Sourire narquois de l’intéressé : « Capitaine Thompson pour vous, Bwana… »

Il avait la peau bien plus sombre que lorsqu’ils l’avaient connu à Galveston. Sans doute une sorte de teinture épidermique, estima Laura. Un déguisement, peut-être. Il semblait plus prudent de ne pas relever la chose. « Je suis contente de vous voir sain et sauf », dit-elle. Sticky se contenta de grommeler.

« Nous n’avons pas eu l’occasion de vous dire, continua-t-elle, combien nous sommes désolés pour M. Stubbs.

— J’étais occupé, dit Sticky. À poursuivre ces mecs de Singapour. » Il braqua son regard droit sur les lunettes de Laura, se redressant visiblement pour parler, à travers elle, aux bandes vidéo de Rizome qui défilaient à Atlanta. « Et ça, pendant que notre sécurité de Rizome continue à danser comme un poulet décapité, notez bien. La bande de Singapour s’est tirée vite fait après le meurtre. Alors moi, je les file dans le noir. Ils courent peut-être cinq cents mètres vers le sud, le long de la côte, puis pataugent pour gagner un chouette rafiot qui les attend, bien peinard, tout près du bord.

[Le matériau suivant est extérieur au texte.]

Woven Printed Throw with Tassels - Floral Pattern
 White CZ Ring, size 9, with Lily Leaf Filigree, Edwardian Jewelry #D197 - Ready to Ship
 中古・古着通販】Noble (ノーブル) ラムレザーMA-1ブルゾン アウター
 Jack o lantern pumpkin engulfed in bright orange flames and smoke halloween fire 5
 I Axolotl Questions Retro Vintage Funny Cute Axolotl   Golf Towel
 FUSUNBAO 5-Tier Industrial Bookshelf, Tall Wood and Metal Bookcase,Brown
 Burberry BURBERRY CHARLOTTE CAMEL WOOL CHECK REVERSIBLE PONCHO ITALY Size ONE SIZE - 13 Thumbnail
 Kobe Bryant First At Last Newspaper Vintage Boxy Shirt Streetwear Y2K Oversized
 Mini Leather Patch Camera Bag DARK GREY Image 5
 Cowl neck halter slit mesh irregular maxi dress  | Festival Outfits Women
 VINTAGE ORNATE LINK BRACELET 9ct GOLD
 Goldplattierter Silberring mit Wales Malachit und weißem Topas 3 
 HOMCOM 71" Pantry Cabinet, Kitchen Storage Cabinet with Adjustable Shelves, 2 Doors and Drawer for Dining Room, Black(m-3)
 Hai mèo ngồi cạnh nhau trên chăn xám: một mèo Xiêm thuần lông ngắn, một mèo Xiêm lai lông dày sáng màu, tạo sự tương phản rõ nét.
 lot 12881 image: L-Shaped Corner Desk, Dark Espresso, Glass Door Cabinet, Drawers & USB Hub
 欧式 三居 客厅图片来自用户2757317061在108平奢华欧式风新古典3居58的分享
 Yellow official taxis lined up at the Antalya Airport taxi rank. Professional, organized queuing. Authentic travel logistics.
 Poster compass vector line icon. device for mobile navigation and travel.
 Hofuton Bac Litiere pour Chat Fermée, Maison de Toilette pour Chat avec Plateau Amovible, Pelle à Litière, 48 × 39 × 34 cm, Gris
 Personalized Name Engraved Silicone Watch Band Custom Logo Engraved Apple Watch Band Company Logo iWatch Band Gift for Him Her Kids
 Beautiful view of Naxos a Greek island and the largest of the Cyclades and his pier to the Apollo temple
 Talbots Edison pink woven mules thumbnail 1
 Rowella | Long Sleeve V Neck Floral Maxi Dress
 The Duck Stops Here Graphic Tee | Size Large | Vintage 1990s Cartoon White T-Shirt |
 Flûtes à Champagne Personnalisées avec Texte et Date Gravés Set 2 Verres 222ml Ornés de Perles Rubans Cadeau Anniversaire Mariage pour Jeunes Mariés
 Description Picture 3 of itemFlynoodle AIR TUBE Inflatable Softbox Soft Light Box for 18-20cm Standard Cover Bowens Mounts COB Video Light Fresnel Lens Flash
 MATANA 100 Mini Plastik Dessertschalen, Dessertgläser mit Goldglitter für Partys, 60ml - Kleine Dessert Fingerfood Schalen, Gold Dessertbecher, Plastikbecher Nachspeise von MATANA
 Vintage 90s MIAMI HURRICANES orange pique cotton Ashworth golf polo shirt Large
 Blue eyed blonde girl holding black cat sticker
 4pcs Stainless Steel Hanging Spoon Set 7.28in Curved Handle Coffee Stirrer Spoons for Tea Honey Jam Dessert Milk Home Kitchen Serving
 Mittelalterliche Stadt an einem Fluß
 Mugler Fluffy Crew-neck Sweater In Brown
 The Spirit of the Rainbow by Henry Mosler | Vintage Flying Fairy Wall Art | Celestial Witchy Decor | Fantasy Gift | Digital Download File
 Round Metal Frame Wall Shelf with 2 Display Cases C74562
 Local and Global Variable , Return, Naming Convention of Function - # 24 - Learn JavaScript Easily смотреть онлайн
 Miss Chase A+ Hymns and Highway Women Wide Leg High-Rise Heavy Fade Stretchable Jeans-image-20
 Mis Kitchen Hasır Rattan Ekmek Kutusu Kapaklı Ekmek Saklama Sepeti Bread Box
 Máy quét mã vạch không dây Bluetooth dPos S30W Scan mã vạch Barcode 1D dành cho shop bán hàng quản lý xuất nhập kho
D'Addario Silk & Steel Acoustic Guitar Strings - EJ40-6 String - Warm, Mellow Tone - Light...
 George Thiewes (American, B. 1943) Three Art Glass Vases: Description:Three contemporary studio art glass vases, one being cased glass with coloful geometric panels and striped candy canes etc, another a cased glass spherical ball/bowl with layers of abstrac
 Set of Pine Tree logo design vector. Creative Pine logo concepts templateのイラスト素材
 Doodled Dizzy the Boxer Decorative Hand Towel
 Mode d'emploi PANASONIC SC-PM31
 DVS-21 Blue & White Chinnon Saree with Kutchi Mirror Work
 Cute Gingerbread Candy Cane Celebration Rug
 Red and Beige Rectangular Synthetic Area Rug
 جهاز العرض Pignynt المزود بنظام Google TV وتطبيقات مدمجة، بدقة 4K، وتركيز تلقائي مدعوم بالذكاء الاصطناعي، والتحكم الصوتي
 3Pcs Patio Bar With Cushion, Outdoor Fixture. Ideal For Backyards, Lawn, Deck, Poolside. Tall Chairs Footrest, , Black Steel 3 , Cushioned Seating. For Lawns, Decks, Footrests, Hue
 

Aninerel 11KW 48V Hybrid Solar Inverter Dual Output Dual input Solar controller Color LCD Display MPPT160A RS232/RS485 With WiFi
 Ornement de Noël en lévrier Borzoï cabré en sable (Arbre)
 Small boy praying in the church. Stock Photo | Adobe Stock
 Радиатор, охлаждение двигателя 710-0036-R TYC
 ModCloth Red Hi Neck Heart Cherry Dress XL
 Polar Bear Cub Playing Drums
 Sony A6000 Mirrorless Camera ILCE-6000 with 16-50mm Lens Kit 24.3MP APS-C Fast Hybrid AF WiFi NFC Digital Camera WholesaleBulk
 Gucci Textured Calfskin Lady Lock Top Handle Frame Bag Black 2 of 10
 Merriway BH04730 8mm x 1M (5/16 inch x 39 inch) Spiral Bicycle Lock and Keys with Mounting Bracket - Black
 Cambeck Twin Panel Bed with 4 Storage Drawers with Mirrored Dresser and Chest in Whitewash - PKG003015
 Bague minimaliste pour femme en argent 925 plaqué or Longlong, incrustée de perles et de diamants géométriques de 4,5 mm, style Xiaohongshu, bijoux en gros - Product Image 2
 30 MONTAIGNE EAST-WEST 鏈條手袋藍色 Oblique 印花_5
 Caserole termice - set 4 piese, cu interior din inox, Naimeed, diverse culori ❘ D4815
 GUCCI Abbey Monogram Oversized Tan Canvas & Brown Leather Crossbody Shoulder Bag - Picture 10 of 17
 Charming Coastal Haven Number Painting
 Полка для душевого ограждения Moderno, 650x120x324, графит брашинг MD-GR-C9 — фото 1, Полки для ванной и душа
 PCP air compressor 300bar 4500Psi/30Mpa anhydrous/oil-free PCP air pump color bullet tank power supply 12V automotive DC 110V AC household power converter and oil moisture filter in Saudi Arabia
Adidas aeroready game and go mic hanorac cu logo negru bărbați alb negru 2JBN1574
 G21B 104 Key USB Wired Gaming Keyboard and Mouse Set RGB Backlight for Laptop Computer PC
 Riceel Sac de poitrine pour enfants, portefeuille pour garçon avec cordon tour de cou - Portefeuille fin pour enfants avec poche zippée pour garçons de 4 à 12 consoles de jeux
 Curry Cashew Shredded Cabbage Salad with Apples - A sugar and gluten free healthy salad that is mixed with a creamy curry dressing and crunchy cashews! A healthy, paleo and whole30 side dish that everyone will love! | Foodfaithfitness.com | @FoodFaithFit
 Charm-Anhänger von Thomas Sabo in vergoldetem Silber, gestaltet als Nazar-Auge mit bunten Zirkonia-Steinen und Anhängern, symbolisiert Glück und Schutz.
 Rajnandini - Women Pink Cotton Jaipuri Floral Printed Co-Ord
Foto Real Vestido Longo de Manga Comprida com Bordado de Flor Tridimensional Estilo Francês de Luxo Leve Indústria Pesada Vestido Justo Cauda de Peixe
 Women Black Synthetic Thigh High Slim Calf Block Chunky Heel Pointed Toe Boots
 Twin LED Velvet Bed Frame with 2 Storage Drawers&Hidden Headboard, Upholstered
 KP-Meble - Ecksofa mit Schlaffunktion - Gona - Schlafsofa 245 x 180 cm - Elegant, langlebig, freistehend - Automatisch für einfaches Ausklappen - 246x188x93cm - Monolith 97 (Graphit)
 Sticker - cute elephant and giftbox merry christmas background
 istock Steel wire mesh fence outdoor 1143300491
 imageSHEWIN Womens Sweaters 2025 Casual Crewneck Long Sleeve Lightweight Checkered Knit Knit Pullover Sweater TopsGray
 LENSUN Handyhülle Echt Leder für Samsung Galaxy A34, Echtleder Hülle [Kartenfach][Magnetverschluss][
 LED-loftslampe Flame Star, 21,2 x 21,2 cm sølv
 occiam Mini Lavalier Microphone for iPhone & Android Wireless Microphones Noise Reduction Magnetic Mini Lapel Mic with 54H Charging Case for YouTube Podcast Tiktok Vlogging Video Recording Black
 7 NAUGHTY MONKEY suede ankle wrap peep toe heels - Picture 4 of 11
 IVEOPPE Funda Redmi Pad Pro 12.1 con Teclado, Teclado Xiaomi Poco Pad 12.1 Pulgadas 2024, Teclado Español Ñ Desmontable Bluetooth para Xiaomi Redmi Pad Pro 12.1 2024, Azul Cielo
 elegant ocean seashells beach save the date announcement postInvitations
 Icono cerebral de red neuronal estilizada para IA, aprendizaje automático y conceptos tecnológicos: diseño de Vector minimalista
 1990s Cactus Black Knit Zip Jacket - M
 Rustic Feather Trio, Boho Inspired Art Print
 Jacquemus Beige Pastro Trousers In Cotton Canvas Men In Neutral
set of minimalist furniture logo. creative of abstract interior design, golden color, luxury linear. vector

Un ketch de bonne taille ; avec deux autres types à bord. Je note son immatriculation. » Il renifla. « Loué par M. Lao Binh Huynh, un soi-disant “important homme d’affaires viet-américain”, qui vit à Houston. Un mec riche, ce Huynh – il possède une demi-douzaine d’épiceries, un hôtel, une entreprise de transports. »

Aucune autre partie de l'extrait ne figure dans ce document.